[Web page caption snippets]
..........

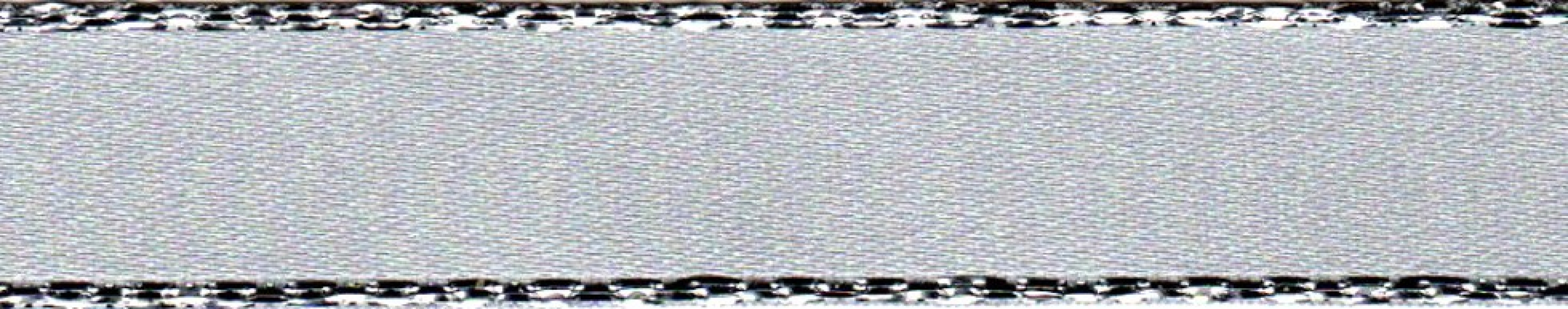 Berisfords Silver Edge Satin Ribbon 18 Silver Grey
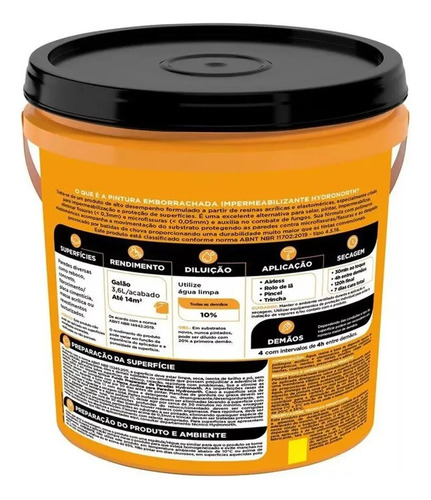 Tinta Emborrachada Impermeabilizante Fosco 3,6l Cor Cinza-escuro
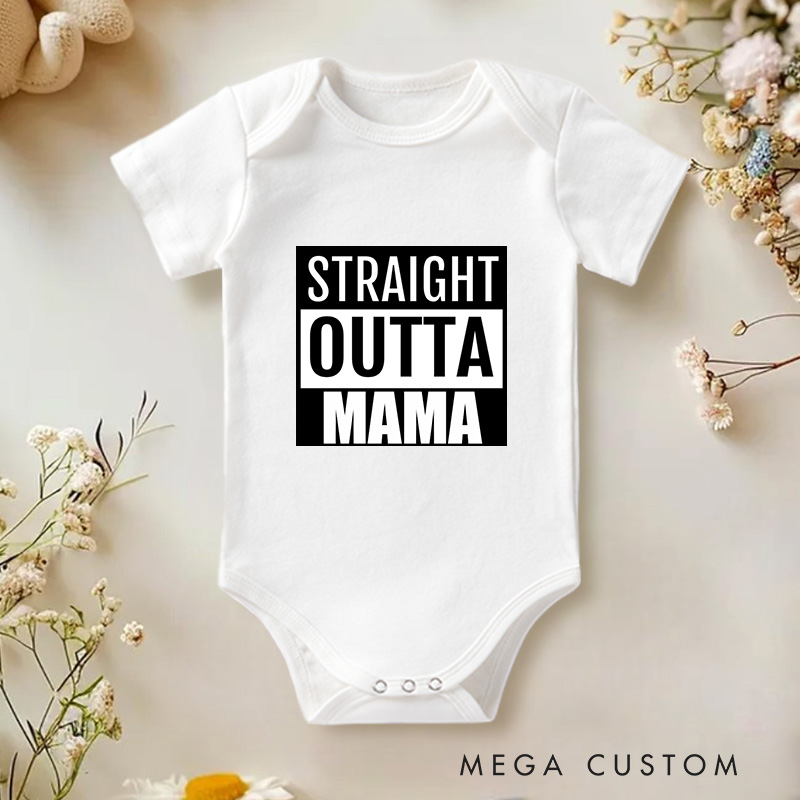 Personalized Straight Outta Mama Papa Celebrating Newborns Baby Onesie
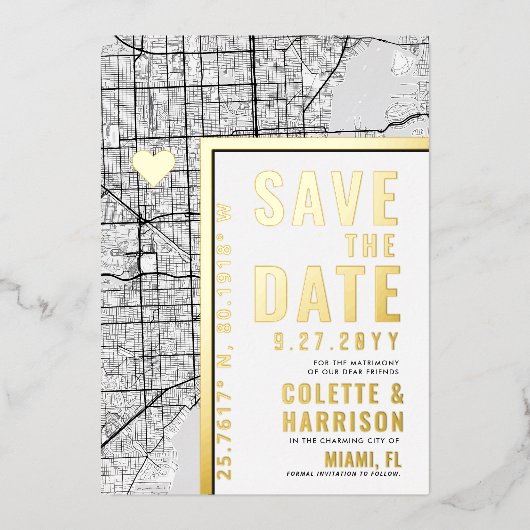 マイアミ ラブ ロケーター | 結婚式 Save the Date 箔招待状 (正面)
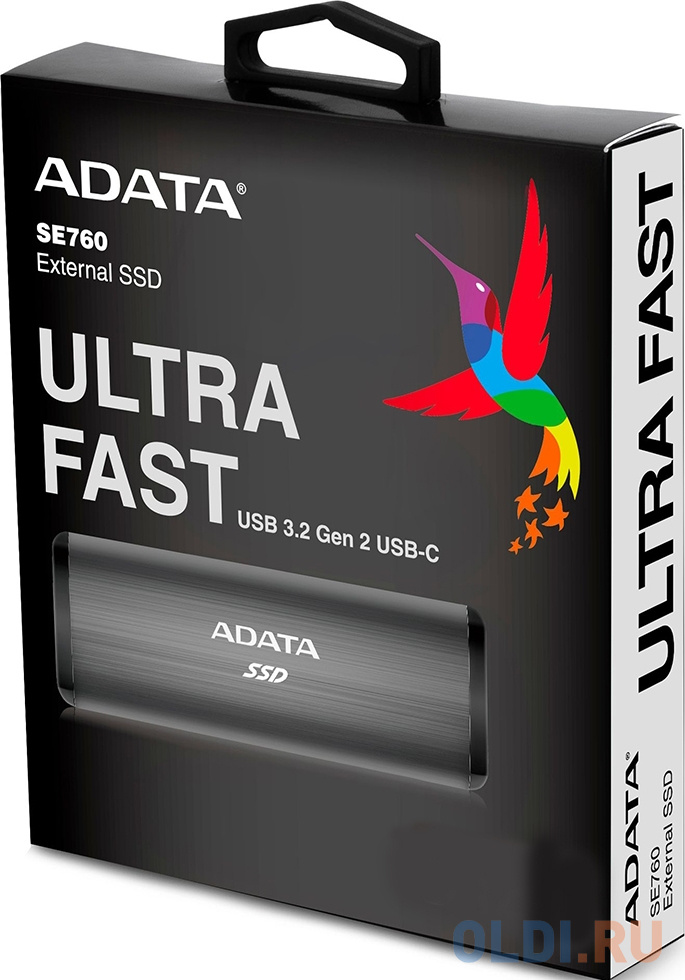 Внешний SSD диск 1.8" 2 Tb USB 3.2 Gen 2 A-Data SE760 Black External черный ASE760-2TU32G2-CBK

..........

WHAT TO WORK ON -> Return word for word the line bearing "マイアミ ラブ ロケーター | 結婚式 Save the Date 箔招待状 (正面)" and every later line of the entries, but none of the pictures.

ANSWER FOR THIS EXERCISE ->
 マイアミ ラブ ロケーター | 結婚式 Save the Date 箔招待状 (正面)
 Внешний SSD диск 1.8" 2 Tb USB 3.2 Gen 2 A-Data SE760 Black External черный ASE760-2TU32G2-CBK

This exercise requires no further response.